TL;DR
- Framework Release: Microsoft has released ASSERT as an open-source framework for testing AI agents against organization-specific behavior requirements.
- Evaluation Workflow: The framework turns policies into executable evaluations and connects failed scores to traces, outputs, and judge rationales.
- Evidence Limits: Microsoft claims 80 to 90 percent judge-human agreement, but the figures remain first-party evidence.
- Market Context: Langfuse, Phoenix, and Anthropic Bloom show behavior testing and trace-based evaluation are already crowded.
Microsoft has introduced ASSERT at Build 2026 as part of its open trust stack for AI agents, making it the next step after its earlier RAMPART and Clarity release. Released as open source, the framework helps developers catch company-specific AI-agent failures before deployment by turning behavior requirements into executable tests.
Microsoft also positioned ASSERT after an earlier Azure responsible AI safeguards rollout. Product teams building agents that call external systems can test their own rules instead of relying only on broad model benchmarks.
For enterprises, the practical point is not another generic scorecard. ASSERT takes organizational policies and requirements as input, generates evaluation scenarios, and surfaces safety or quality defects before production or during monitoring. An evaluation is a structured behavior test, while a regression test checks whether an update changed behavior that previously worked.
How ASSERT Turns Policies Into Tests
ASSERT generates behavior-specific test cases and can run them against hosted models, callable wrappers, or OpenTelemetry-traced agents. OpenTelemetry trace data helps teams connect a failed score to the agent workflow that produced it.
A typical workflow starts with a behavior specification, turns it into structured evaluations, then lets teams review, run, score, and improve those tests over time. Generated cases, traces, and local artifacts give developers a path from a failed score to the model output, system path, or judge rationale that needs review.

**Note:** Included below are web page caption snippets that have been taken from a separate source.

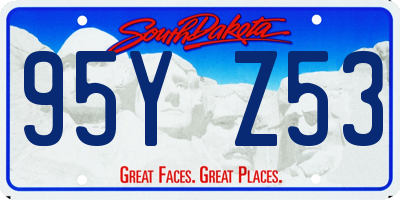 SD license plate 95YZ53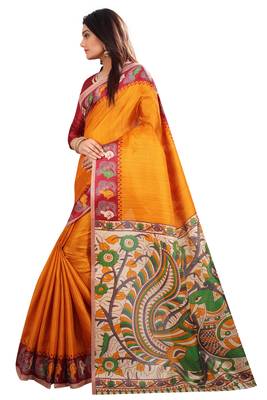 Mustard printed khadi saree with blouse 2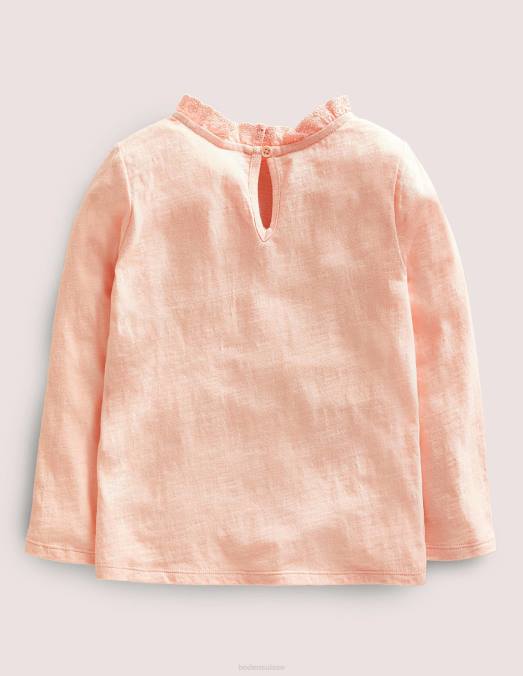 Boden vêtements provence rose poudré filles haut à manches longues et poche cœur LB2X2931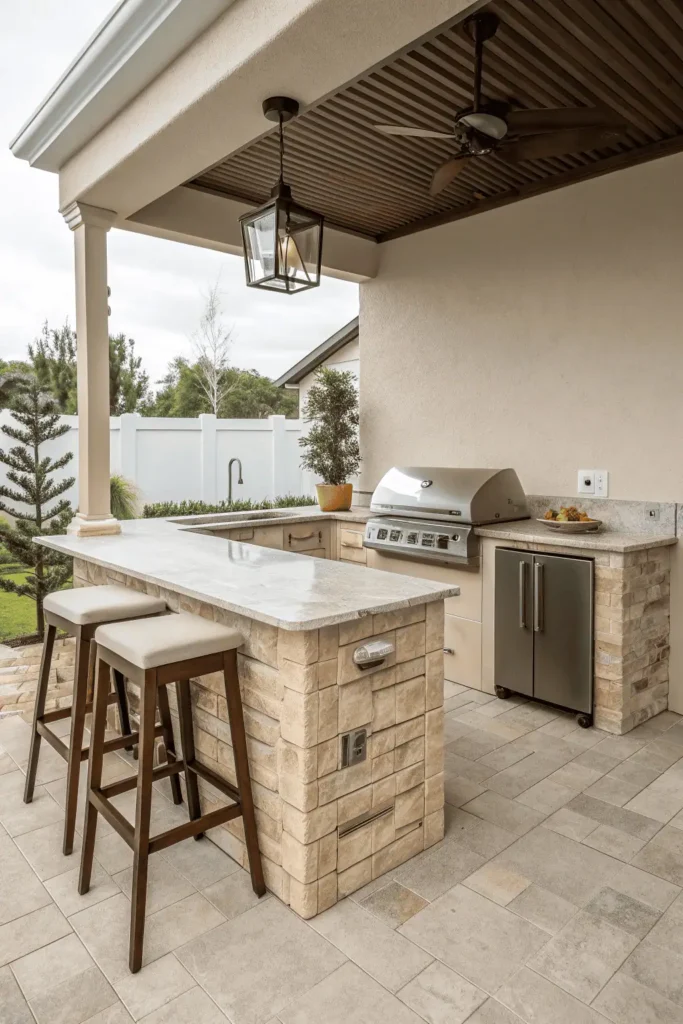 Beginner outdoor kitchen with compact grill, light countertops, and safe seating setup.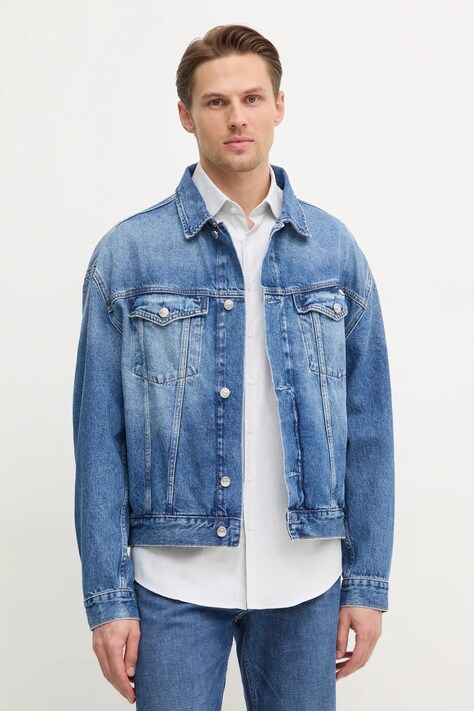 Calvin Klein Jeans geacă din denim bărbați, de tranziție, J30J327027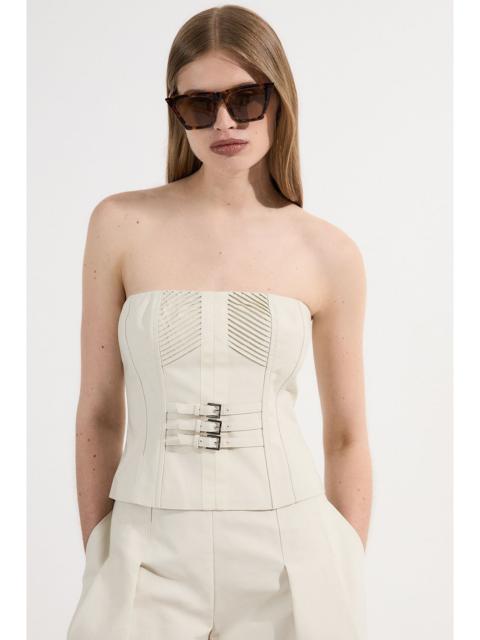 Archive Collection - Tailored Cotton Pintuck Grosgrain Belted Corset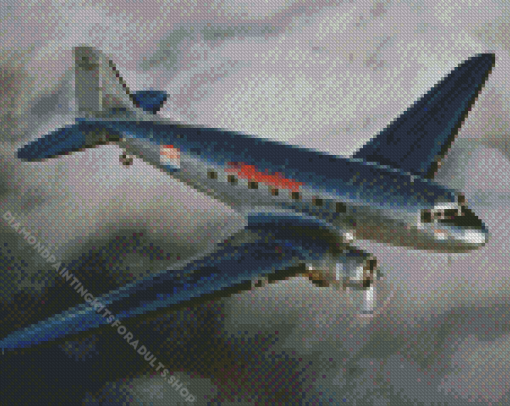 Douglas DC 3 Aircraft Diamond Painting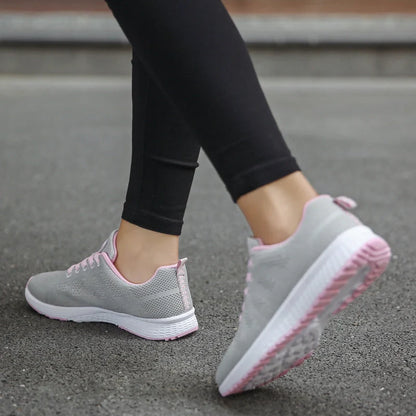 Women's sports sneakers with mesh upper and low wedge heel in various colors
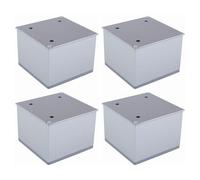 cyclingcolors 4X Pied de Meuble 80 x 80 mm Hauteur 100 mm Aluminium Support Universel canapé Armoire Cuisine Salle de Bain, Chrome Mat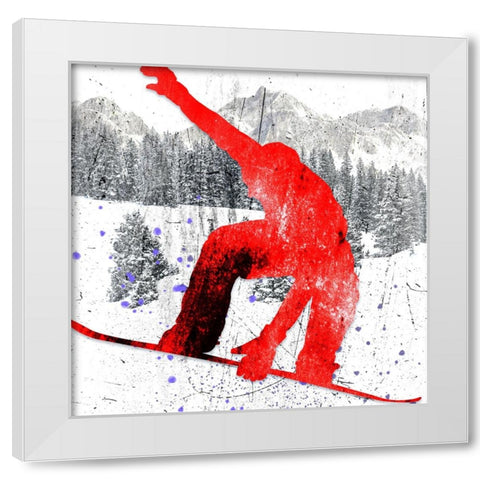 Extreme Snowboarder 04 White Modern Wood Framed Art Print by LightBoxJournal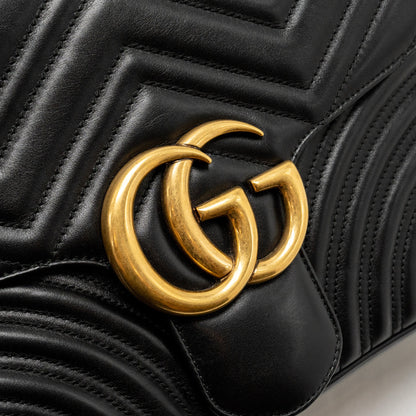 Gucci Medium GG Marmont Shoulder Bag Calfskin Black
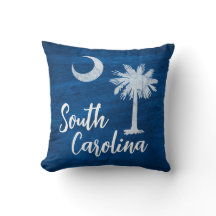 Pillow - South Carolina Flagga med Palmetto Träd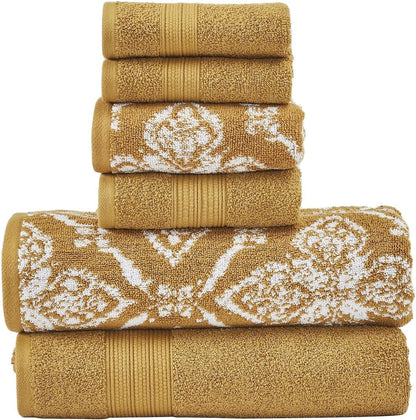 Amaris 6-Piece Reversible Yarn Dyed Jacquard Towel Set - Bath Towels, Hand Towels, & Washcloths - Super Absorbent & Quick Dry - 100% Combed Cotton, Gold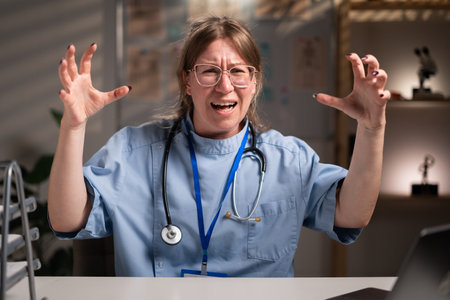 Angry aggressive physician nurse working over hours in hospital office on night shift. Medicine and Health care serviceの写真素材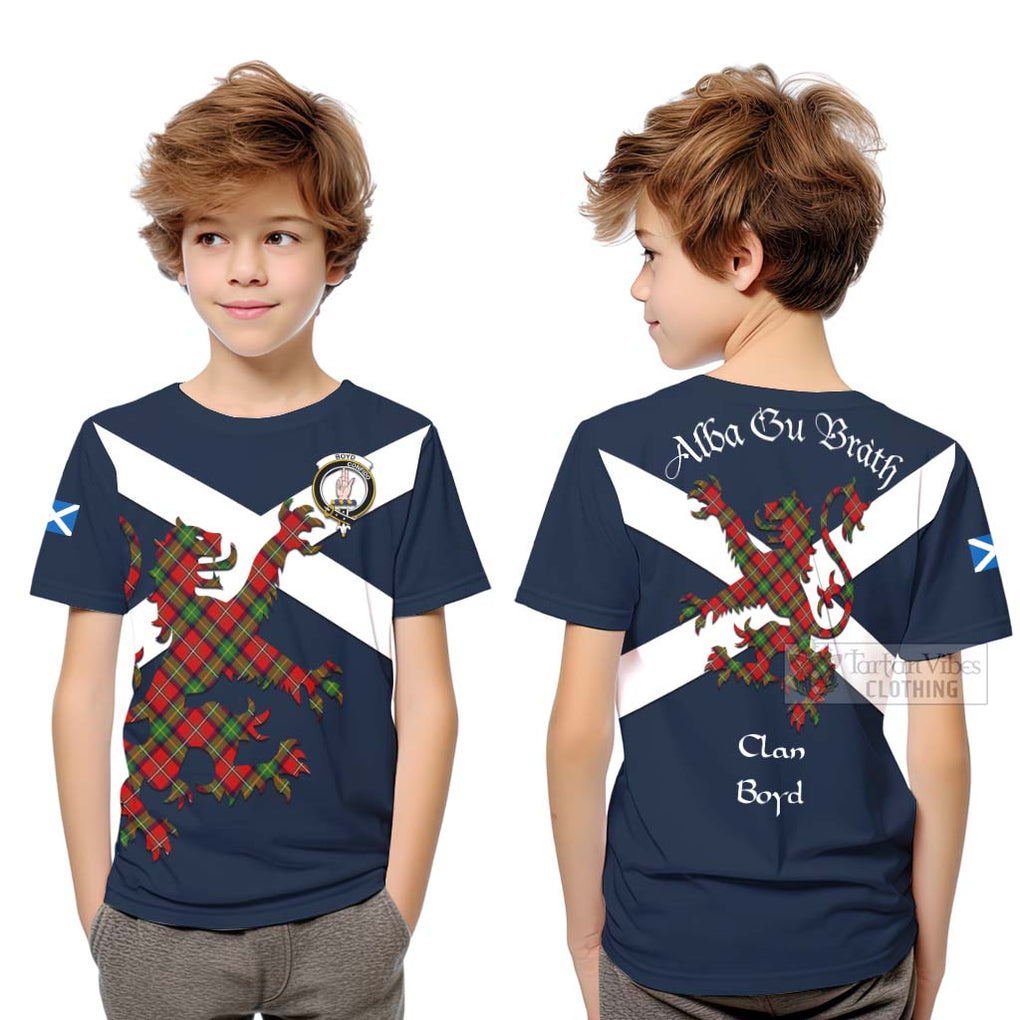 Tartan Vibes Clothing Boyd Tartan Lion Rampant Kid T-Shirt – Proudly Display Your Heritage with Alba Gu Brath and Clan Name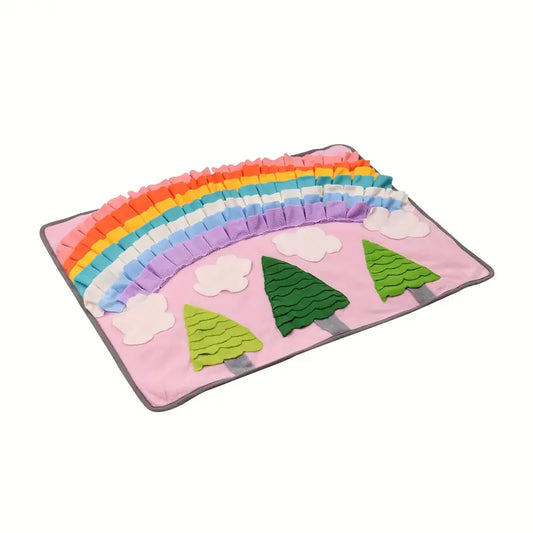 Extra large dog snuffle mat rainbow pattern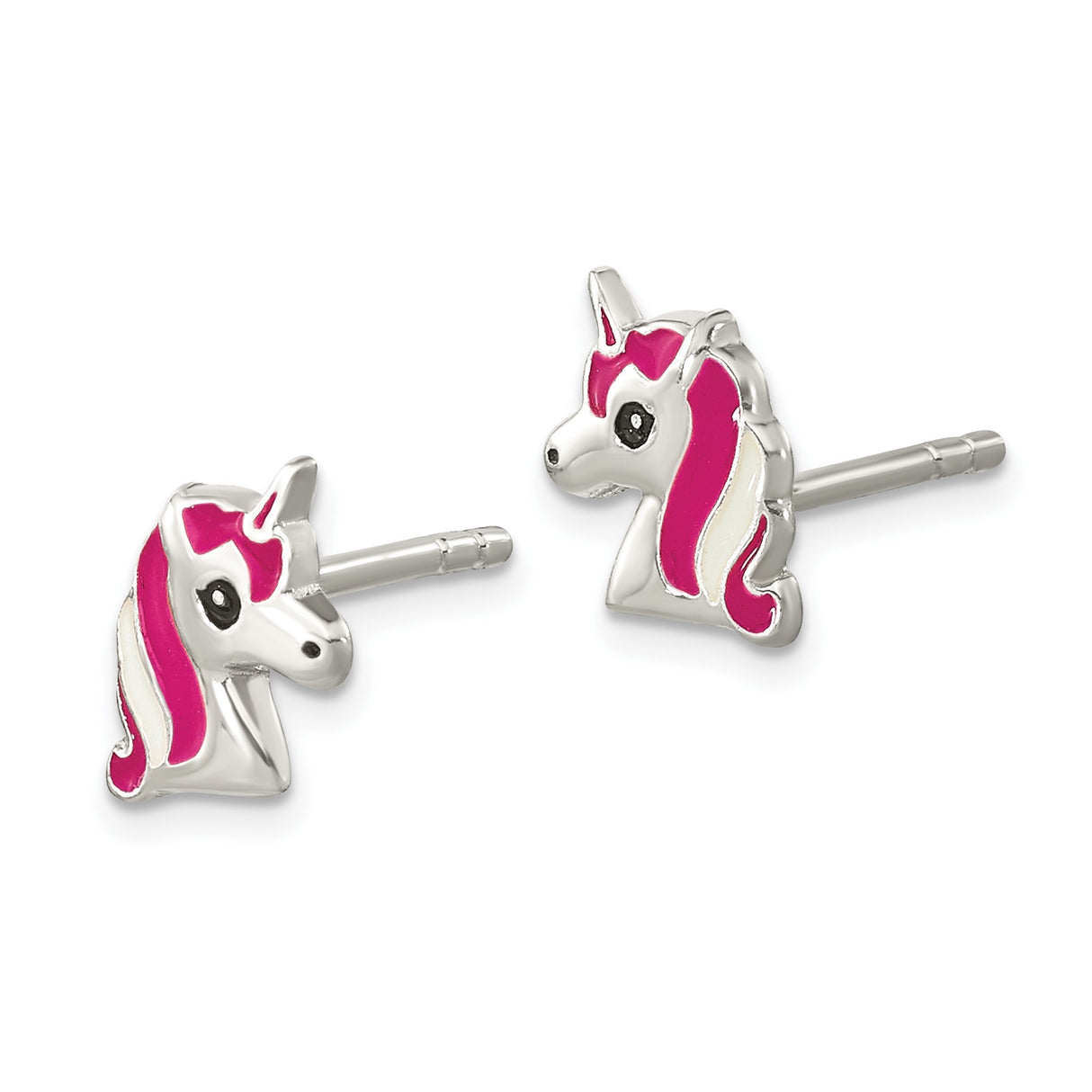 Sterling Silver Unicorn Stud Earrings with Pink and White Enamel, Whimsical Fantasy Design for Girls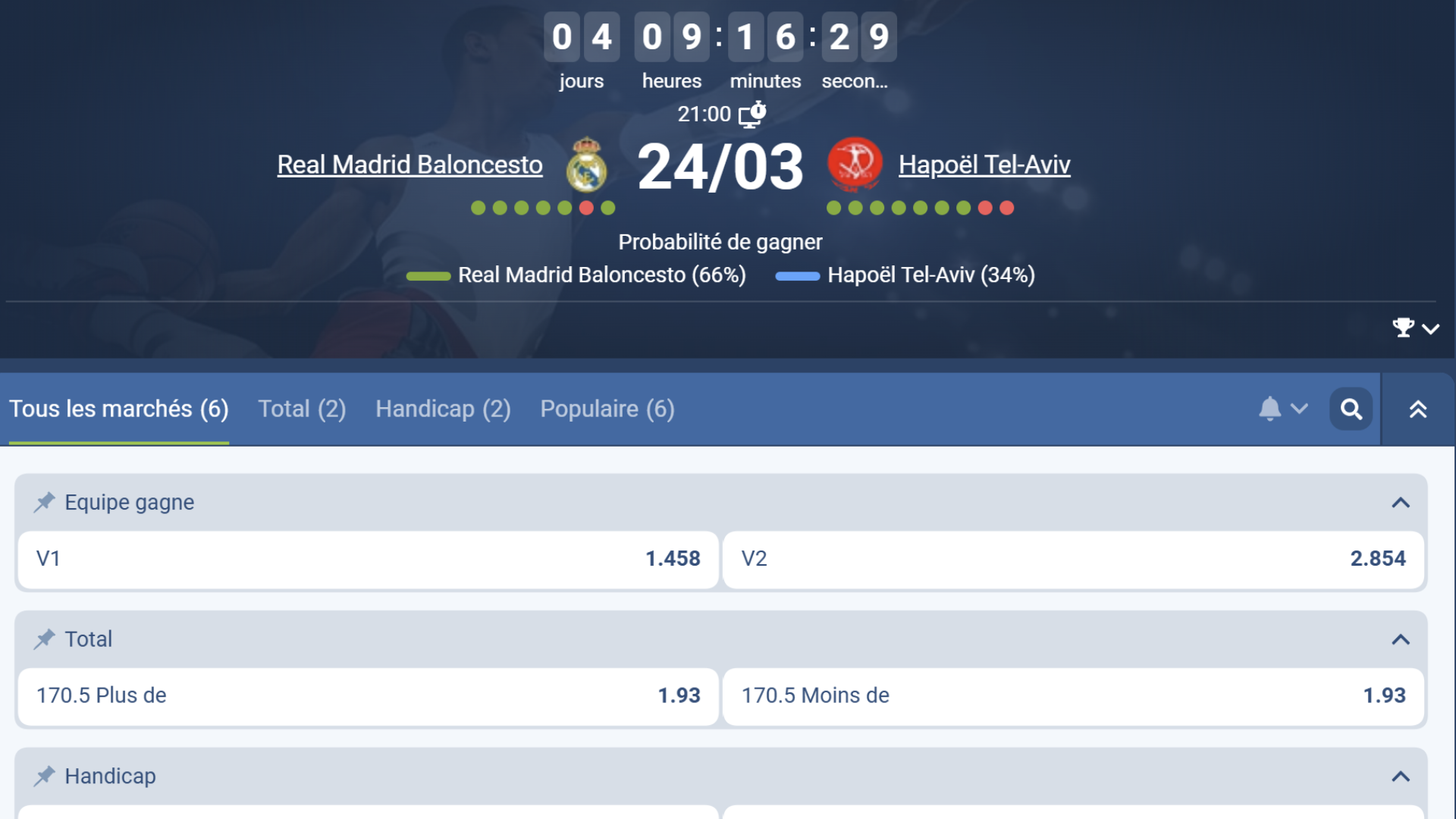 Code promo 1xBet pour Real Madrid contre Hapoël Tel-Aviv en Euroligue au WiZink Center.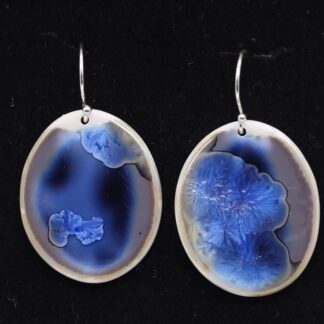 Porcelain, drop earrings, blue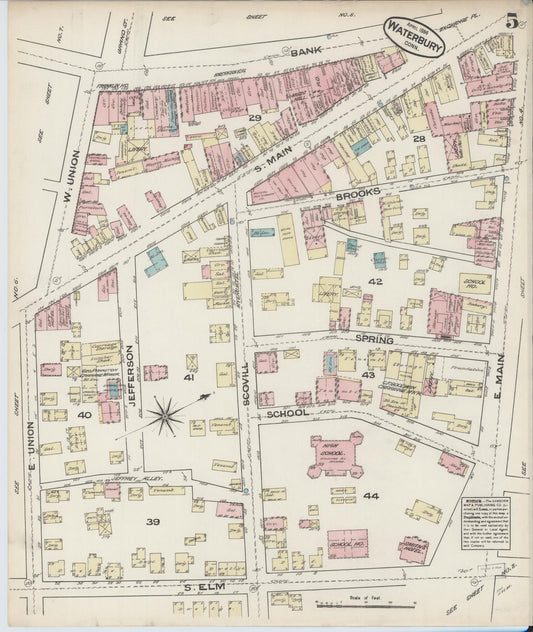 Sanborn Fire Insurance Map from Waterbury, New Haven County, Connecticut (1884), Sheet #0005 - Historic Sanborn Fire Insurance Map Print, vintage old map wall art, antique decor, genealogy gift, Connecticut Connecticut map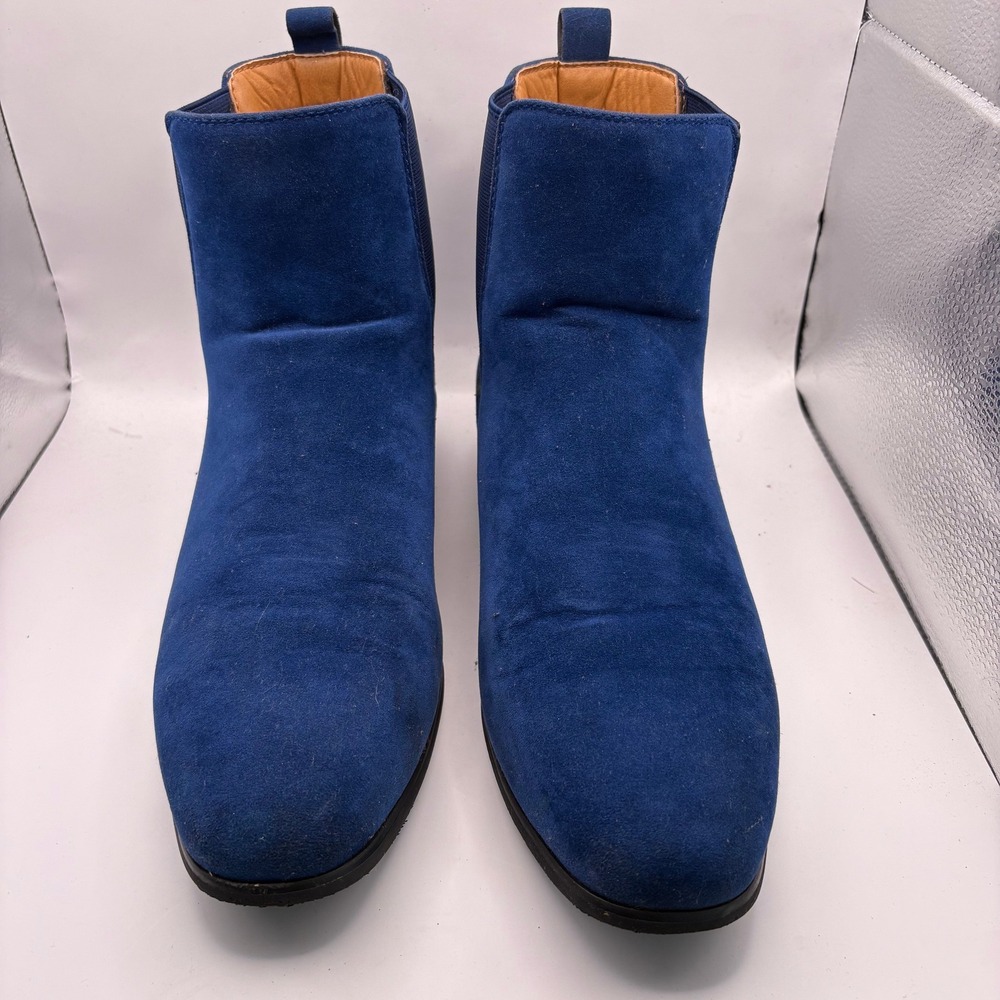 Antonio Cerrelli 6856 Mens Blue Faux Suede Chelsea Boots Size 10 Royal Blue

Because ASSERT works across frameworks from LangChain, CrewAI, LiteLLM, OpenAI, and others, teams can test policy behavior without moving the application into Microsoft Foundry. Cross-framework support fits enterprises whose agents may combine different orchestration layers, model providers, and monitoring stacks.
Microsoft previously put OpenTelemetry-based tracing into Azure AI Foundry, and ASSERT brings similar inspection pressure to behavior tests that can run across frameworks.
Lorenze Jay Hernandez, Open Source Lead at CrewAI, framed the value around that auditability.
“My favorite thing about ASSERT is that the eval is easy to configure and reason about. I describe the behavior I care about in YAML, point it at a real agent, and get artifacts back. Not just pass/fail. They show why the judge made each call. That openness matters. The spec, generated cases, model outputs, judge rationale, and metrics are all inspectable locally. For developers, the eval feels auditable, not like a black box.”
Lorenze Jay Hernandez, Open Source Lead at CrewAI (via Microsoft Foundry Blog)
Inspectable artifacts separate ASSERT from broad leaderboards. Product teams can describe a refund policy, safety rule, or tool-use boundary, then test whether a deployed agent keeps following that requirement as prompts, models, or application code change.
Microsoft’s Proof Points Need Careful Framing
Microsoft’s measurements give ASSERT useful but limited evidence. Microsoft says agreement between LLM judges and human annotators was usually in the 80 to 90 percent range, while human annotators agreed with one another at about 90 percent. That automated-judge comparison is relevant but still first-party because the scoring is against a rubric.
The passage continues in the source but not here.